Records provided ->
· · · · · · ·

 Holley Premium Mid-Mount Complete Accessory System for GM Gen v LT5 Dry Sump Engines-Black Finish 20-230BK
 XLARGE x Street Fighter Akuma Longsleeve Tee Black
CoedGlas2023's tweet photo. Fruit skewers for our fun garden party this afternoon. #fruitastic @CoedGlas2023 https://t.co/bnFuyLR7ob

· · · · · · ·

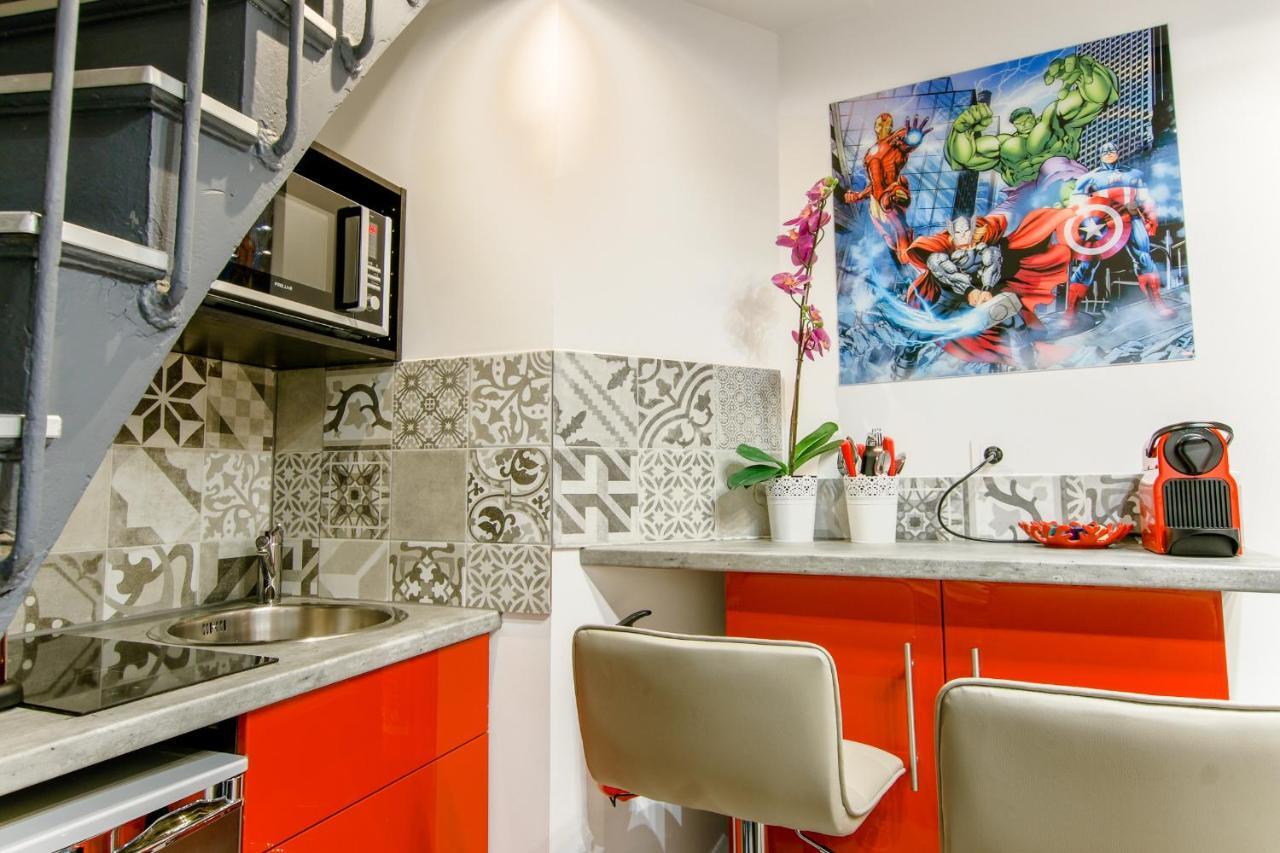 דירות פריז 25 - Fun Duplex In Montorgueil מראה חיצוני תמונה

· · · · · · ·

Task requirements -> Only the lines above from the line with "Holley Premium Mid-Mount" to the line with "CoedGlas2023's tweet photo.", those two lines included, should be reproduced exactly.

Written reply ->
 Holley Premium Mid-Mount Complete Accessory System for GM Gen v LT5 Dry Sump Engines-Black Finish 20-230BK
 XLARGE x Street Fighter Akuma Longsleeve Tee Black
CoedGlas2023's tweet photo. Fruit skewers for our fun garden party this afternoon. #fruitastic @CoedGlas2023 https://t.co/bnFuyLR7ob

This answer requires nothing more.